Suger est une personnalité du monde médiéval dont il faut saisir la complexité.
Abbé de Saint-Denis au XIIe siècle, régent du royaume durant la deuxième
croisade, initiateur de l'art gothique en France, il fut avant tout un moine
bénédictin, mais aussi un soldat, un historien et un grand serviteur de l'État
capétien. De condition modeste, il entra à dix ans comme oblat à l'abbaye royale
de Saint-Denis et s'identifia très tôt à l'abbaye, dont il dit lui-même qu'elle fut
«sa mère». Remarqué par son abbé, puis par le roi Philippe Ier, pour ses talents
d'orateur et de négociateur, il fut rapidement chargé d'importantes ambassades
en Europe et à la cour pontificale. Gestionnaire des possessions de Saint-Denis,
il dut s'impliquer personnellement dans plusieurs guerres meurtrières, ce dont
il garda toute sa vie le remord.

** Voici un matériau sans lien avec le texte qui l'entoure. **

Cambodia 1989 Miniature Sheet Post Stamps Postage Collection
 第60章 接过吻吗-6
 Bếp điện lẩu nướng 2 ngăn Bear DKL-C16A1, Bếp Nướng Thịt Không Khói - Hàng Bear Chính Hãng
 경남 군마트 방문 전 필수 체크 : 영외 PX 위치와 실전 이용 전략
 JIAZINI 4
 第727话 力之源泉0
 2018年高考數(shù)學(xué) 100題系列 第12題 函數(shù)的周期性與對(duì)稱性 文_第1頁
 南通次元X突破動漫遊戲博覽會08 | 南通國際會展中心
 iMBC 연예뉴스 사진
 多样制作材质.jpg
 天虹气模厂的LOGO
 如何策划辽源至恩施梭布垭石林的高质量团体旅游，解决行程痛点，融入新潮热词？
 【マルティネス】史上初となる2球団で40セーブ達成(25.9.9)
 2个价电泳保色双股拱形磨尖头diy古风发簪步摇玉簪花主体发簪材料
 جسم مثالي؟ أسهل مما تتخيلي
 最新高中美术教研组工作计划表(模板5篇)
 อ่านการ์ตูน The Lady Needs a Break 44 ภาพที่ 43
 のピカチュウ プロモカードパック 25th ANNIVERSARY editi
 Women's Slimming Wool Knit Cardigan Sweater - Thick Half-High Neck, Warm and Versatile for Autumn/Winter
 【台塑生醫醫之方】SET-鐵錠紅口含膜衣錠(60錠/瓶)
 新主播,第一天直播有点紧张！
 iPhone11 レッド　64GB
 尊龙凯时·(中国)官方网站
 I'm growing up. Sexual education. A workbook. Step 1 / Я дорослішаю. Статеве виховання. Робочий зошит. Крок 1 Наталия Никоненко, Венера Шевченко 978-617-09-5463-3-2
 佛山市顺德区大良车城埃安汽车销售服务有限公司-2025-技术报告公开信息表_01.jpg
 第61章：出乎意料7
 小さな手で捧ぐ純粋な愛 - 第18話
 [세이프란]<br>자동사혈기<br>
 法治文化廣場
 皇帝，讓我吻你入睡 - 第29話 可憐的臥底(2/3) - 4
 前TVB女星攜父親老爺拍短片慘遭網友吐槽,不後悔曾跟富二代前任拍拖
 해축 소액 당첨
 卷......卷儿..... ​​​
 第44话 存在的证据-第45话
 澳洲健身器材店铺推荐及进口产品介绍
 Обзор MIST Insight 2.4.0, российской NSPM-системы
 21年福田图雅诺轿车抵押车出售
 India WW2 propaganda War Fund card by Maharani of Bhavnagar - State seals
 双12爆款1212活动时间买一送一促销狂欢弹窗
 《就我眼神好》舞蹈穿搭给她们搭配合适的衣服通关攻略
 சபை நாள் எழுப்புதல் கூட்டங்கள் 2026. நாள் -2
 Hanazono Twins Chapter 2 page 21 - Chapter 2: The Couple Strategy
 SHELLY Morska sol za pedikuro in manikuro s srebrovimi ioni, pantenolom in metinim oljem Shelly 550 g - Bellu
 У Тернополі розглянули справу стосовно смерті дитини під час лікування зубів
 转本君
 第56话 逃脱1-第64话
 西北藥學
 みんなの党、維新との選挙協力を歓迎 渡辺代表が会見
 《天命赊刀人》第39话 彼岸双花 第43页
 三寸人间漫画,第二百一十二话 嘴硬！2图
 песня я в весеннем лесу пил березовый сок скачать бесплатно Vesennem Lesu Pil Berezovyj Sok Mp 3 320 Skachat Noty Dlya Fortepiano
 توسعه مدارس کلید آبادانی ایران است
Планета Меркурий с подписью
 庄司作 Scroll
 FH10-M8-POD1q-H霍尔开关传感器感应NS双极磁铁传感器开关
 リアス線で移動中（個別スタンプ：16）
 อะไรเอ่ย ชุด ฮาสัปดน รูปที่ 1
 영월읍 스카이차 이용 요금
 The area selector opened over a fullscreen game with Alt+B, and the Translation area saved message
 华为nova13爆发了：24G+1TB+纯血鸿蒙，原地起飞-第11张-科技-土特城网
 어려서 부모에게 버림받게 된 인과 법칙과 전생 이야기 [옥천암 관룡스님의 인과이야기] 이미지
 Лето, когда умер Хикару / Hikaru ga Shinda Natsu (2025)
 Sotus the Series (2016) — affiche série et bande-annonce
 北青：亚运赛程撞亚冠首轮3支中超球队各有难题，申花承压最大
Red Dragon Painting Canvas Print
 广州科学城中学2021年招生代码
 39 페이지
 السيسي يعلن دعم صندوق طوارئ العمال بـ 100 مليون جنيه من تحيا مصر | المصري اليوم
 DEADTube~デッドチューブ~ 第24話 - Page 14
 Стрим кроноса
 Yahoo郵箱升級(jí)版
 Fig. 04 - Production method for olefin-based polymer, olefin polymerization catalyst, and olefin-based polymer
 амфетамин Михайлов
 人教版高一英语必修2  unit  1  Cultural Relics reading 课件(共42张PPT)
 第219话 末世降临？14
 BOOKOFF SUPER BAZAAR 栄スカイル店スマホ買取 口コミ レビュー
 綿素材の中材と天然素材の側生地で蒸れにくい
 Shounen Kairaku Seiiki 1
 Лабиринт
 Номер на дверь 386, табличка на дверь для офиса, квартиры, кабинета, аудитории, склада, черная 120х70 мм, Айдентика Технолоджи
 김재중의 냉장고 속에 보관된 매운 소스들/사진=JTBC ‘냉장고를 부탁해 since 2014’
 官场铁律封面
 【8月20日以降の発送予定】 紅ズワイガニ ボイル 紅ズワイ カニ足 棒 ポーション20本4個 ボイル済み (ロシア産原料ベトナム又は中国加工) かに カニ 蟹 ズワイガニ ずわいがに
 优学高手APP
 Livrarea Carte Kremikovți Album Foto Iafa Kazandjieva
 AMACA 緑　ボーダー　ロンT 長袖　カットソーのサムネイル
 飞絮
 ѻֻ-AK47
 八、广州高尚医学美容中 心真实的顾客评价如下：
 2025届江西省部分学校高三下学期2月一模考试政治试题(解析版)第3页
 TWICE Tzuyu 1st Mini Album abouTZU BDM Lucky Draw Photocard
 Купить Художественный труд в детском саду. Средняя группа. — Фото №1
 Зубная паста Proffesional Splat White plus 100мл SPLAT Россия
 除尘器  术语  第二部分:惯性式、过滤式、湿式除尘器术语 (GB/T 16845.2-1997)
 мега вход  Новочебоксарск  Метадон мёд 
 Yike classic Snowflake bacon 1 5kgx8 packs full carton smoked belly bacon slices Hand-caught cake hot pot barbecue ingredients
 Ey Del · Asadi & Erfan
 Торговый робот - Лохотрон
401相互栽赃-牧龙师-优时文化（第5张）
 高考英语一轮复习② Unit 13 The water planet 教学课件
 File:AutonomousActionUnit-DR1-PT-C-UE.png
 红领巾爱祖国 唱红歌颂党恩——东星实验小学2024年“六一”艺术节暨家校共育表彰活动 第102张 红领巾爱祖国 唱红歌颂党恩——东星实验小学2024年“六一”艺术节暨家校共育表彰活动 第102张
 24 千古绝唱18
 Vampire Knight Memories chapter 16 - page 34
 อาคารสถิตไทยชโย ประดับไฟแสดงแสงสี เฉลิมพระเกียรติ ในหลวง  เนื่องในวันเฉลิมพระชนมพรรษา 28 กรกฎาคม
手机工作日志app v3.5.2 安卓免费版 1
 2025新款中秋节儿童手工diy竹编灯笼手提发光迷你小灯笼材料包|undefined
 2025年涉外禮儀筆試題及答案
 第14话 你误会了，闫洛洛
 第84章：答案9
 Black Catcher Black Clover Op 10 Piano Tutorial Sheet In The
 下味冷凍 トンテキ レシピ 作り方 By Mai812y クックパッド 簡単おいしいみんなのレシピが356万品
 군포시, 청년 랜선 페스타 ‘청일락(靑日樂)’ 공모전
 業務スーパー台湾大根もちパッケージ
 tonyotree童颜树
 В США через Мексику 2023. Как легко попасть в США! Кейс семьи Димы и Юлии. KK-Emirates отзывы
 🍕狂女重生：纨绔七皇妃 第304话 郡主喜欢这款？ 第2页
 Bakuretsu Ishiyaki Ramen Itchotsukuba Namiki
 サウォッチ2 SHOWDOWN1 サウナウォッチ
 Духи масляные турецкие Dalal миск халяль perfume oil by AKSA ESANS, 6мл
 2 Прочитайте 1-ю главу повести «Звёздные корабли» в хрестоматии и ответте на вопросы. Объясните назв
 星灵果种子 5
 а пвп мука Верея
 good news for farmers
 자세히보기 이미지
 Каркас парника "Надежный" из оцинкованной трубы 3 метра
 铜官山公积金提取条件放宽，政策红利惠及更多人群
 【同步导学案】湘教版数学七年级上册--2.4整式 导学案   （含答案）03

Devenu conseiller et proche du roi Louis VI, il
participa à son gouvernement. Élu abbé de Saint-Denis, il entreprit l'immense
chantier de reconstruction de l'abbatiale en y introduisant des formes nouvelles,
dites «gothiques», fruit de ses nombreux séjours auprès du pape, à Rome
et en Italie du Sud. Rédacteur de la vie de Louis VI le Gros et chroniqueur
des premières années du règne de Louis VII, Suger inaugure l'historiographie
royale des Grandes Chroniques de France. Homme de Dieu, obsédé par l'usure
du temps et de l'oubli, Suger voulut faire de toute son action une «oeuvre plus
durable que le bronze», un témoignage pour l'avenir. Son oeuvre écrite et son
oeuvre bâtie en sont, aujourd'hui encore, le symbole vivant.